The establishment of an isolated domestic market is therefore not a realistic solution. Europe must look beyond its borders and develop a strategy for securing supplies of these metals at the international level. As China, Japan, Korea and more recently the United States have done, Europe must put in place financial tools dedicated to supporting its mining companies. This is vital and it can be done. Numerous appropriate mechanisms could be employed to allow equity investments in projects outside Europe, as well as financing policies suited to the specificities of the sector, not to mention help with the setting up of public-private partnerships.
However, the securing of European supplies must go hand in hand with the development of a responsible value chain. Based on compliance with ambitious environmental and ethical standards, this industry is capable of contributing to the economy of the regions in which it operates and of restoring the confidence of end consumers. For this to happen, Europe must be proactive and define its own standards for entry to its markets. France should thus lend its strong support to the European Commission's efforts to ensure that batteries sold on the European market are labeled in terms of their CO2 footprint. Europe must also refuse entry to its market of batteries containing metals from mining facilities that do not meet the highest international environmental standards. For example, nickel from mines that dump their mine tailings into the open sea by a process known as deep sea tailings disposal must be banned. These measures have a cost that should not penalize the competitiveness of these ventures.

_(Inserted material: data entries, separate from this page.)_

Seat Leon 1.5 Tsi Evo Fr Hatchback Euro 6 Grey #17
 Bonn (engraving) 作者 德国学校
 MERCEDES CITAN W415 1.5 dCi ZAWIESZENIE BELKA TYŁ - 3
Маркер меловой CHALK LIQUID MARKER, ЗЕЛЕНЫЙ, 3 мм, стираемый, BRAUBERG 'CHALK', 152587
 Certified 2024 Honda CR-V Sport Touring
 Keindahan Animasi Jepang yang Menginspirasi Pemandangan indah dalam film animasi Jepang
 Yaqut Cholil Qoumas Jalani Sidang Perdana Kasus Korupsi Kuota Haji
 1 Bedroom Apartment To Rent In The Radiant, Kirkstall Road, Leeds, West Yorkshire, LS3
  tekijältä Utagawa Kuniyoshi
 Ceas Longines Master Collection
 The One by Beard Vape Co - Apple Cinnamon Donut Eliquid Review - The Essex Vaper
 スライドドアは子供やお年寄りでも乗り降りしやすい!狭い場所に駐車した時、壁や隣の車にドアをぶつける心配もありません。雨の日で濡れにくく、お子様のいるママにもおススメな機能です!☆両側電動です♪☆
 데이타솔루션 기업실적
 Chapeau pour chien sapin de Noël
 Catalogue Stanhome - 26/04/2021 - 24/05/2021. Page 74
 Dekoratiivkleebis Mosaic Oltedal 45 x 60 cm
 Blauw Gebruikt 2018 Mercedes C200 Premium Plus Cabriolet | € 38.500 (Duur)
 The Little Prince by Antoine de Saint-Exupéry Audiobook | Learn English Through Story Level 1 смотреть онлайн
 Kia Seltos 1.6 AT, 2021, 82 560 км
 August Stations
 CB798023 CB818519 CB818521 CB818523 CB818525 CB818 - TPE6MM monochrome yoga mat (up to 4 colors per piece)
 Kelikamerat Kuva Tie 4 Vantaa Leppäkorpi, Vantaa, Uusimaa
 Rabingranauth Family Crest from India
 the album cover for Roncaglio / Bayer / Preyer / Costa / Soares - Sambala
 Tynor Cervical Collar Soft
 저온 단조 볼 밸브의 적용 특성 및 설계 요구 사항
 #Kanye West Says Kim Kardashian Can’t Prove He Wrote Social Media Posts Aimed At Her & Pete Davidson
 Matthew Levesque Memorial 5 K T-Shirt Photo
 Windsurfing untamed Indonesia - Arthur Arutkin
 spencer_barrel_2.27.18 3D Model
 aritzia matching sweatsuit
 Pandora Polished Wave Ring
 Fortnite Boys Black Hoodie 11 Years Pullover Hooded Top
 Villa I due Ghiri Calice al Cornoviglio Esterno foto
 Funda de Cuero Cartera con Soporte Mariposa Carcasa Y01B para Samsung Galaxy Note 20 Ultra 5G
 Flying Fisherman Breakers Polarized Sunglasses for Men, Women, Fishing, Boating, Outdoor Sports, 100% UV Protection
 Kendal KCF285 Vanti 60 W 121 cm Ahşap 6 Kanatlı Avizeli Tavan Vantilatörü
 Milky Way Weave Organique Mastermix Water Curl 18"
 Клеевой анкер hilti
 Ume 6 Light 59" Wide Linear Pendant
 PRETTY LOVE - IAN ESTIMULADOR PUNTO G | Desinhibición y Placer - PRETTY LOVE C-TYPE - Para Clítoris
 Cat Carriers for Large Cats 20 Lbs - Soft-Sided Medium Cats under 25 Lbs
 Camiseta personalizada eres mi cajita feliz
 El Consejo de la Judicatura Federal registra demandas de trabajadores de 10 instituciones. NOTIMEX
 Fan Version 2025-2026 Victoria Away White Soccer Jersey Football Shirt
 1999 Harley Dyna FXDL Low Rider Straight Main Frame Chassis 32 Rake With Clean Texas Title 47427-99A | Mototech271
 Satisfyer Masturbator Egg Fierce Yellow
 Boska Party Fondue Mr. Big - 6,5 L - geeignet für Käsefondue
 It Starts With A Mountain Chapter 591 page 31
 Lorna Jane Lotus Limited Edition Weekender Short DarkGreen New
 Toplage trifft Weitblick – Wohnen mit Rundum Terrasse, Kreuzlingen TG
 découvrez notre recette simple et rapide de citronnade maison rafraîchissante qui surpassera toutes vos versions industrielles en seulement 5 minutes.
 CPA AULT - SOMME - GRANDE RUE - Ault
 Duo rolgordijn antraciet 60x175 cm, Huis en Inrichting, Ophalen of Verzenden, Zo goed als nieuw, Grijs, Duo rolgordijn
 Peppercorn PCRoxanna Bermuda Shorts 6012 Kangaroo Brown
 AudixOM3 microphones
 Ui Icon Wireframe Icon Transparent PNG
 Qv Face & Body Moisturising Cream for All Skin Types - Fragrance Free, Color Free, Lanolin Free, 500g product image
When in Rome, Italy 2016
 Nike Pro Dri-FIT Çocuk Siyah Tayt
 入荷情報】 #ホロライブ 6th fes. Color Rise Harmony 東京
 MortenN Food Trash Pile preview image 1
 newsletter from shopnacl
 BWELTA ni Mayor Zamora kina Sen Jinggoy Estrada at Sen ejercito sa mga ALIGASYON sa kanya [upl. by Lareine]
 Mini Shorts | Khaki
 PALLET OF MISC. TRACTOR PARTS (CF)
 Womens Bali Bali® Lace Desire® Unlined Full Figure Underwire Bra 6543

Supporting companies, safeguarding fair competition, enforcing environmental and social responsibility: there is nothing unrealistic about pursuing all three of these objectives. All that remains is for Europe to become convinced of the urgent need to act quickly and decisively if it is to hold its own in the battle for the transitional industries of the future.
This opinion column has been published in the paper edition of Les Echos of the 4th of February, 2020.